Accounts over which the firm exercises control (Section E)
In an effort to clarify the 1996 Rules, the New Rules now include reduced requirements for firms which simply ‘control’ as opposed to ‘hold’ client assets. Firms are deemed to exercise ‘control’ over an account when the client opens an account in it’s own name and the firm has sole control over the initiation of transactions on the account (including issuing settlement instructions).

A firm will be deemed to exercise control over an account only for so long as it has the power to initiate transactions on that account. Where the firm does not have sole control of the relevant account the client must be advised of this and required to confirm in writing that he/she understands the consequences of assets being held in this manner.

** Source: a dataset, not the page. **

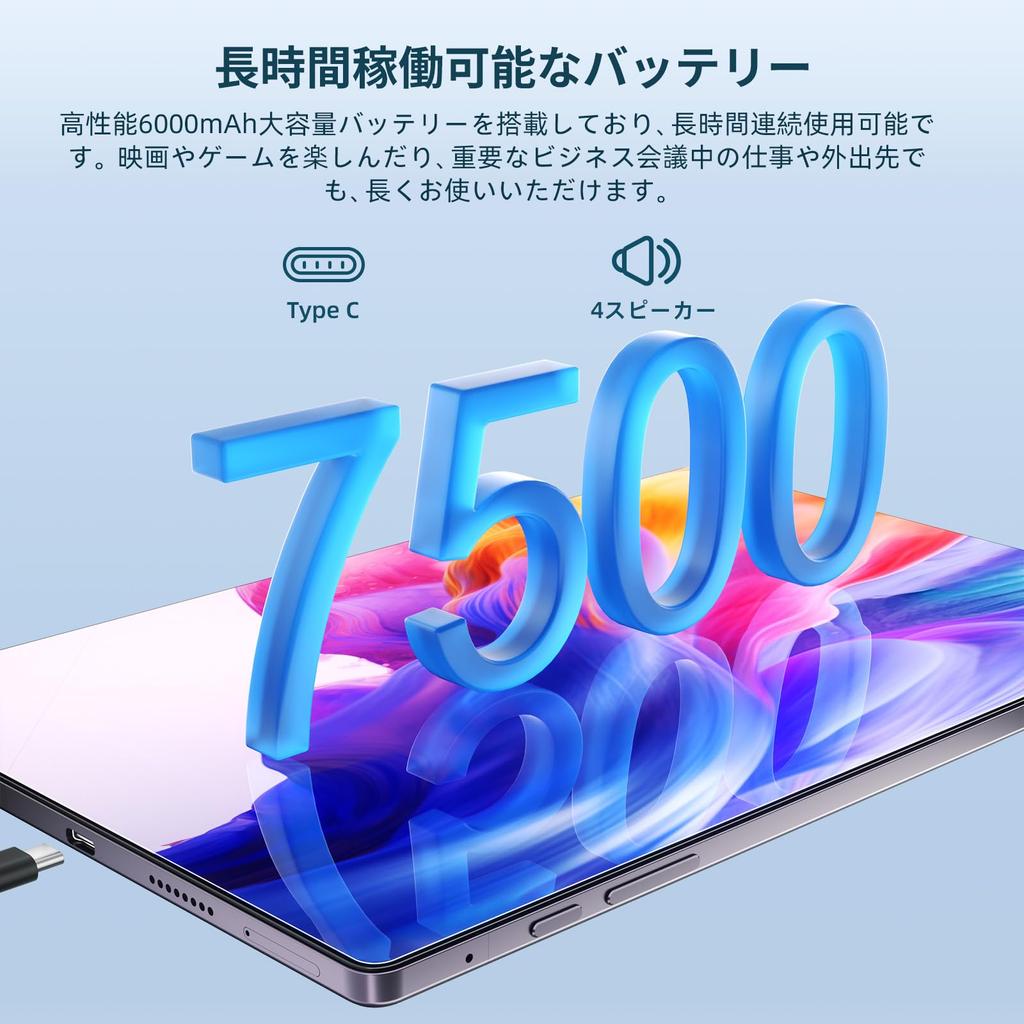 VETOO Android 13 Tablet T616 8 16GB 256GB 1TB Widevine L1 FHD IPS 4G LTE face split wireless 18W PD fast charging 10.5 inch, core, (8+8 virtual) RAM,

The books and records of the firm together with all relevant correspondence must clearly distinguish between client accounts and accounts over which the firm exercises control.

Practical changes required to comply with the new client money rules
As outlined above a number of the New Rules require prior disclosures to be made to and written confirmations to be received from clients and Relevant Institutions alike. Firms are also obliged to retain copies of all disclosures made and written confirmations and/or acknowledgements received by them. Furthermore, firms are now also obliged to carry out daily cash reconciliations and monthly investment instrument reconciliations. Therefore, it would be prudent at this stage for all firms (if they have not already done so) to carry out a review of their systems, operational processes and documentation to ensure compliance with the New Rules.

In this regard, general principle number 6 should be noted which provides as follows: ‘A firm is obliged to ensure that it maintains satisfactory systems of control and keeps proper accounting records in relation to client money and client investment instruments. In particular, it must ensure that it has proper systems of internal control designed to ensure that:

- the balance on client accounts is not less than the amount it should be holding on behalf of clients; and (b) the amount and type of client investment instruments held by the firm or lodged with relevant parties or eligible custodians is not less than the amount and type of client investment instruments that the firm should be holding on behalf of the clients’.
It would also be very beneficial for firms to review their operating procedures from an audit perspective to ensure that they will meet the criteria set out in Rule 9 enabling the auditors to make a positive report to IFSRA each year. Following a review of operational procedures, staff training and regular compliance monitoring will be essential components of the ongoing compliance framework.

Conclusion
Although the New Rules are not yet in force IFSRA has indicated that they will issue shortly. In this article some of the key changes have been highlighted but these are not exhaustive. Many other changes are also contained in the Handbook. It would be prudent when planning and implementing changes to comply with the New Rules to have regard to any guidance on interpretation or implementation of the New Rules which may be issued by IFSRA in due course. Evolving business or market practice may also necessitate change on an ongoing basis, which should also be borne in mind.